There is also a desire to contribute to society again. People realize they will live longer – in some cases, twenty more years than was historically expected – and younger retirees don't necessarily want to spend their time at home.
How Can Older Employees Help You?
So, what can older employees offer you and your company? The simple and obvious answer is, “experience.” Let's look at that answer in more detail:
- Early retirees are a wealth of information and knowledge that is relevant for today's market, which is increasingly in need of their intellectual capital.
- Many older workers have spent a bulk of their careers at big companies. Tap into this “big company" expertise and knowledge.
- These seasoned veterans can usually jump into a position without a need for intensive training.

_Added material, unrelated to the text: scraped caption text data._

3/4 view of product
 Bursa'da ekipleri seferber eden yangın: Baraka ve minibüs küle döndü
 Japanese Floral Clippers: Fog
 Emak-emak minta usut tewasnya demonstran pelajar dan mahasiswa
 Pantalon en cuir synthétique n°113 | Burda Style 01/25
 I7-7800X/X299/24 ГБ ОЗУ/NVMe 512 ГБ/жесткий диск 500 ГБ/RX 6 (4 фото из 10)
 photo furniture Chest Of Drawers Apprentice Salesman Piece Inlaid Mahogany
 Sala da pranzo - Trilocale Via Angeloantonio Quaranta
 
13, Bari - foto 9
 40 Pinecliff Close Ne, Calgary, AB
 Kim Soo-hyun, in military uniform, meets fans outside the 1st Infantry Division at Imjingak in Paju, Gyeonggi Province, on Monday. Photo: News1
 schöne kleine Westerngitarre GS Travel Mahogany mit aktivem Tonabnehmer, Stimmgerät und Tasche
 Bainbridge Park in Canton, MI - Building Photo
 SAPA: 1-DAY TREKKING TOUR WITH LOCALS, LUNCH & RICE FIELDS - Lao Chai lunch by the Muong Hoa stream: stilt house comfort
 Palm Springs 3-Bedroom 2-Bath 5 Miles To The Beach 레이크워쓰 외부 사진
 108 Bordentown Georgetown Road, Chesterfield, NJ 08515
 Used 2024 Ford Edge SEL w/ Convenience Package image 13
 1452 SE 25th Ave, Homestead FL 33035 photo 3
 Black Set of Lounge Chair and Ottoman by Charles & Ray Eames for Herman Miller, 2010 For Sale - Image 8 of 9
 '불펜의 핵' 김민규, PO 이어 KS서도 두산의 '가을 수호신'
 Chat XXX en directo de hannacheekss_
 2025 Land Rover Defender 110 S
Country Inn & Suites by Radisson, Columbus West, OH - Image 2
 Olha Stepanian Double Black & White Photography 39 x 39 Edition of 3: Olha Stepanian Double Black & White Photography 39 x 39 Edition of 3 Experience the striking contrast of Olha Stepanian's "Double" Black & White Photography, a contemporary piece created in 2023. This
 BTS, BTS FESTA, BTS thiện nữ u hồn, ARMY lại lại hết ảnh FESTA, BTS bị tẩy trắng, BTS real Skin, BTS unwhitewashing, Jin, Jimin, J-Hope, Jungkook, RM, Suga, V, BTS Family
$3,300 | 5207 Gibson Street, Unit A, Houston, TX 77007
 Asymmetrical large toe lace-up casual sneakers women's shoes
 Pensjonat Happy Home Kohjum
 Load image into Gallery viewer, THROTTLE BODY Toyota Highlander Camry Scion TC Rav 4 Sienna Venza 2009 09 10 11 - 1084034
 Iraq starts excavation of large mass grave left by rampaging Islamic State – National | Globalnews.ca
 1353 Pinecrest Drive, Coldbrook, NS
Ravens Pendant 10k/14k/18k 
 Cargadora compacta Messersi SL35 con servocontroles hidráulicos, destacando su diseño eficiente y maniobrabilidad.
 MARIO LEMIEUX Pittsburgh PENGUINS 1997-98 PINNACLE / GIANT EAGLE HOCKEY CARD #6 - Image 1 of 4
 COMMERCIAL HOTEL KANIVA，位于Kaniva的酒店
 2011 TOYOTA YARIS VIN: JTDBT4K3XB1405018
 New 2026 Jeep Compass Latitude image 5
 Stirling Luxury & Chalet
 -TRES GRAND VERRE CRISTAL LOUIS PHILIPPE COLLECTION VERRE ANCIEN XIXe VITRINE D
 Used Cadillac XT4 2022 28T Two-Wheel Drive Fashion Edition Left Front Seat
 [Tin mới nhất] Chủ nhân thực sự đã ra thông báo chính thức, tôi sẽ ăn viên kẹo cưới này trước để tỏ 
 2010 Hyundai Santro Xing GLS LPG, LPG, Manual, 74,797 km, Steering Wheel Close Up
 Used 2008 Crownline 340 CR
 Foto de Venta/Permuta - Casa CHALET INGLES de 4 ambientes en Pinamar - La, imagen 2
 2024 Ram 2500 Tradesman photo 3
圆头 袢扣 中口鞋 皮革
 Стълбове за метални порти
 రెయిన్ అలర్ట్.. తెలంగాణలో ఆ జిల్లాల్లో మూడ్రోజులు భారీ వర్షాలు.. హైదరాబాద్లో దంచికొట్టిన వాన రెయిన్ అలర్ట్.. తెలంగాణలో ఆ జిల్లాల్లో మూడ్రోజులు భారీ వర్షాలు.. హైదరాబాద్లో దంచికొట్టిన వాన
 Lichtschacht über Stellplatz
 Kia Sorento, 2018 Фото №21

However, returning to the workforce is not without challenges for this class of employees. Some of the obstacles retirees returning to work may face include dealing with rapidly changing technology, increased necessity for broader skill sets, and how to market themselves when coming out of retirement. In addition, there are a number of key areas that companies should focus on when hiring older workers.
Adecco offers these key pointers to help you ensure your older workforce excels:
- Keep them interested. If you help your older employees continue to move their career forward and foster a passion for your business, they will be more motivated to learn new tasks and stay on top of the latest industry trends.
- Make sure they're in the tech-know. It's very important for both you and your employees, old and new, to keep up with the most up-to-date technological and computer advances. If you invest a little in ensuring your staff is techno-savvy by implementing specific training programs relevant to your business, it can only benefit your company's growth and productivity.
- Get the most out of their experience. Smaller companies are always looking to leverage "big company" expertise and many older workers have spent a bulk of their careers at big companies. Take advantage of this experience.
Even in the face of challenges, seniors returning to the workforce have the opportunity to contribute their expertise to companies. Now, more than ever, experience, integrity and knowledge are essential requirements to being successful at any job. There is no better time for seniors who possess these qualities to return to doing what they love.